Elio menggerakkan bahunya, melenturkan anggota tubuhnya yang kini telah pulih sambil mengerang. “Terima kasih, kawan. Sekarang aku bisa berjalan pulang tanpa terlihat seperti habis dirampok badai pasir.”

Alex mengangguk dan mengetuk cincin mananya, yang sudah mulai mengisi daya. “Kapan saja. Aku mulai berpikir membawa mantra penyembuhan di sekitar Allen hanyalah naluri bertahan hidup.”

Red_King hanya menyilangkan tangannya. “Sudah kubilang. Melawannya itu seperti bermain catur dengan hantu yang sudah membaca lima langkahmu selanjutnya.”

Elio meneguk setengah botol itu. “Koreksi. Hantu yang sama sekali tidak tenang.”

Alex menyeringai. “Ya. Masih belum bisa melupakan kejadian tusukan salto itu. Itu masalah pribadi.”

“Itu seperti operasi,” tambah Yuna. “Seolah-olah dia tahu persis di mana baju zirah Elio berakhir dan lehernya dimulai.”

“Dia memang melakukannya,” gumam Elio. “Dia benar-benar melakukannya.”

Dia menggelengkan kepalanya, keringat membuat rambut keritingnya menempel di dahinya.

“Kau tahu apa yang menakutkan?” kata Elio lantang. “Bukan hanya fakta bahwa dia menang. Atau betapa bersihnya kemenangan itu.”

Yang lain menoleh ke arahnya.

“Masalahnya adalah dia sama sekali tidak mengincar baju zirahku. Dia tahu itu tidak akan retak. Dia bahkan tidak mencoba. Dia hanya… bergerak mengelilinginya. Seolah itu tidak penting.”

Allen mengangkat alisnya. “Mengapa membuang waktu pada bagian yang dirancang untuk bertahan hidup?”

Red_King mengangguk bijaksana. “Tepat sekali. Itu disebut ekonomi pertarungan.”

“Itu namanya menjadi pengganggu,” balas Yuna.

Rei menimpali dengan nada datar, “Ini namanya tidak membiarkan siapa pun beristirahat dengan tenang di malam hari lagi.”

Elio terkekeh pelan sambil menggosok tulang rusuknya.
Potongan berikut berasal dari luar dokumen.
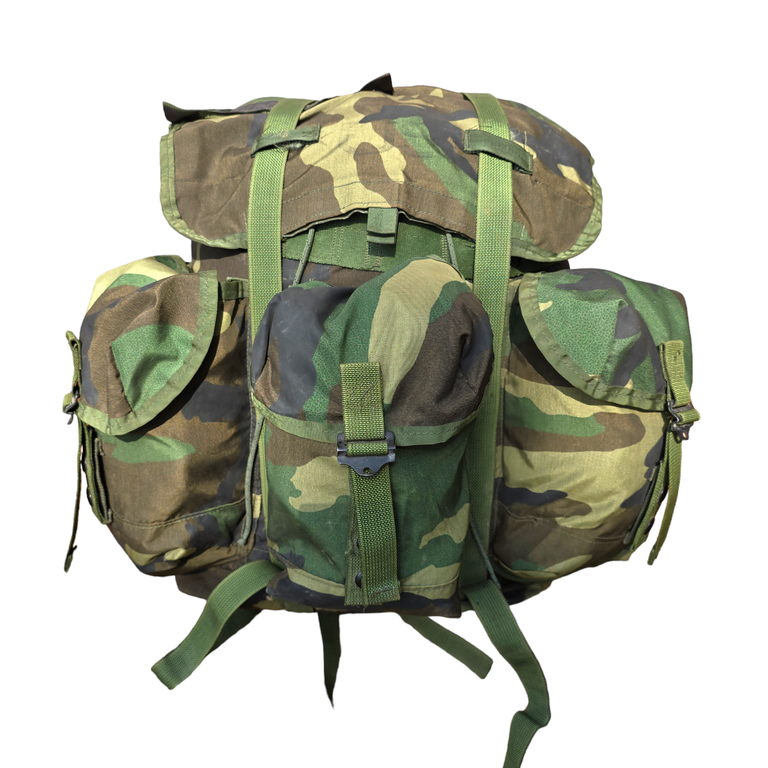 ALICE Medium Rucksack (Radio Pack) – onethiefsurplus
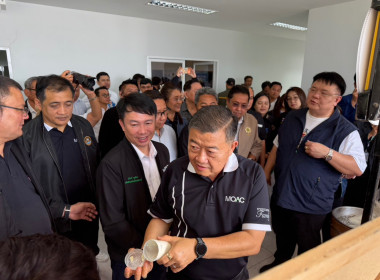 ปลัดกระทรวงเกษตรและสหกรณ์ พร้อมด้วย อธิบดีกรมส่งเสริมสหกรณ์ ... พารามิเตอร์รูปภาพ 12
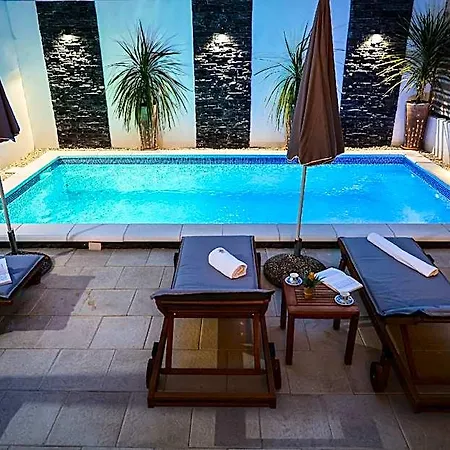 ホテル Rustica With Exclusive Pool Use ザダル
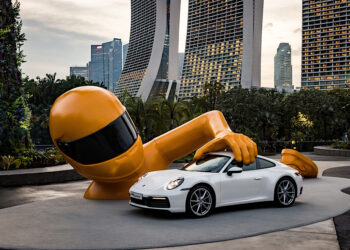 ปอร์เช่ โชว์ผลงานศิลปะจากยนตรกรรมสปอร์ตปอร์เช่ 911 ไฮไลท์พิเศษอันโดนเด่นในงาน Singapore Art Week 2023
Perlengkapannya masih berfungsi. Sesuai dugaan. Tapi perlengkapan saja tidak cukup untuk menyelamatkanmu ketika musuh tidak bermain adil. Ketika musuh bermain cerdas.

Dan Allen?

Allen sangat cerdas, bahkan menakutkan.

Sebuah masalah yang berwujud manusia.

Dan Elio tak henti-hentinya tersenyum.

Karena akhirnya—akhirnya—dia melihat apa yang ada di bawah permukaan.

Bukan hanya keterampilan. Bukan hanya bakat.

Tapi sesuatu yang lebih dingin.

Lebih teliti.

Seolah-olah Allen yang menulis buku peraturan… lalu membuangnya untuk sesuatu yang lebih baik.

Dan ya, Elio kalah.

Namun, dia belajar.

Dan dia menyukai apa yang dilihatnya.

Meskipun itu membuatnya berkeringat.

Meskipun mungkin dia akan memimpikan aksi saling melempar belati dan duel di tengah gurun pasir sepanjang minggu itu.

Dia menepuk bahu Allen. “Terima kasih karena tidak mengiris leherku.”

Allen menyeringai. “Itu ada dalam daftar.”

Red_King menghela napas. “Kalian berdua bikin kekacauan. Kita butuh camilan. Siapa yang mau beli?”

Allen mengangkat alisnya. “Yang kalah beli.”

Elio mengerang. “Sialan.”

Semua orang tertawa.

Bahkan Allen.

Bahkan masalahnya terletak pada dirinya sendiri.

Allen menghela napas, dan untuk sesaat, dia tidak tampak seperti bayangan yang menjelma menjadi manusia, atau hantu pemain catur, atau bos rahasia yang bersembunyi di balik kulit manusia.

“Tapi aku tidak bisa ikut dengan kalian,” katanya pelan, sambil melirik ke arah cakrawala kota—di mana menara-menara batu pasir Gorroc berkilauan seperti fatamorgana panas di bawah sinar matahari sore. “Aku ada urusan lain.”